Senator Chuck Schumer, the Democratic leader, said he would move to block two Commerce Department nominees, one of the few levers Democrats have to try to force the president to move ahead with a trade agenda supported by labor unions and some Democrats, but opposed by some in the president’s own party.
Al Drago for The New York Times
“Wait till you see what I’m going to do for steel and your steel companies,” Mr. Trump told a crowd in Cincinnati on June 7. “We’re going to stop the dumping and stop all of these wonderful other countries from coming in and killing our companies and our workers. We’ll be seeing that very soon. The steel folks are going to be very happy.”
But the measures never materialized. In July, the president told The Wall Street Journal that he had decided to wait until the administration had finished “health care and taxes and maybe even infrastructure.”
On Sept. 19, steelworkers came to Capitol Hill to meet with senators and urge them to move the investigation forward. Billy McCall, the president of the local United Steelworkers union in Gary, Ind., said he saw measures to protect steel plants as a necessity. “We’ve been fighting a trade war for some time,” he said.
But support for the steel and aluminum measures has been far from unanimous. American industries that buy metals to forge into other products, including food packagers and automakers, complained that tariffs could raise their costs and shrink their profits.
The European Union and foreign countries that supply metals to the United States, including Canada and South Korea, also protested, arguing that the United States should work with other countries to act against China, not retaliate against its allies. The Department of Defense argued that import restrictions could raise the price of its equipment, while the Department of Agriculture said it feared foreign partners would retaliate against American food exports.
In a letter sent Wednesday, Mr. Schumer and other Democrats urged the Commerce Department to take action before Mr. Trump arrived in Beijing on Nov. 8. But the White House may be hesitant to introduce such an aggressive policy before an important diplomatic visit.
The move is part of a broader fight over Mr. Trump’s promises to radically alter trade policy, which has largely been subsumed by other priorities, like the tax overhaul and the nuclear threat from North Korea. It is also a sign of the continued challenge the administration faces in creating policies to confront China economically while still preserving a strategic partnership.
Mr. Trump came into office saying that China’s economic competition was one of the biggest challenges facing the United States, but the administration has struggled to put together a comprehensive strategy to deal with it.
The administration did press China for significant cuts to its steel capacity during a visit to Washington in July, but the Chinese refused to accede to such big reductions.

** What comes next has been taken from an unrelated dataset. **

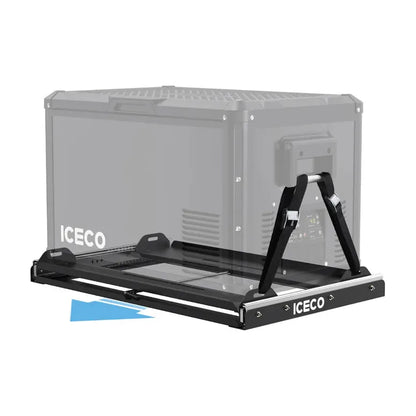 ICECO Side Pull Mounting Slide for APL55/VL60PRO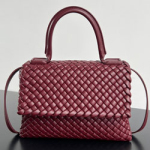 보테가 베네타 핸드백 776783-4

Since then, it has begun an investigation into intellectual property violations by the Chinese and is reportedly working on a more comprehensive trade approach. Both have yet to be unveiled, and it is unclear to what extent these plans or their components will be discussed during Mr. Trump’s Beijing visit.

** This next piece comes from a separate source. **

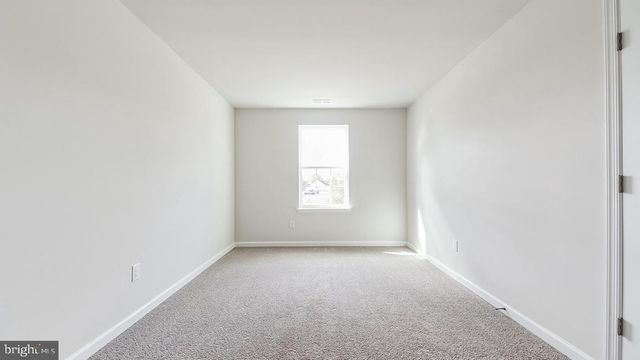 449 LIBERTY TRAIL, Sellersville, PA 18960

In the next few months, the administration could roll out several influential trade measures, including the results of these investigations. Mr. Trump also confronts major decisions on whether to impose tariffs to protect domestic makers of solar cells and washing machines, as well as whether to withdraw from the North American Free Trade Agreement.
By statute, the Commerce Department is required to deliver final reports on steel and aluminum to the administration by January 2018.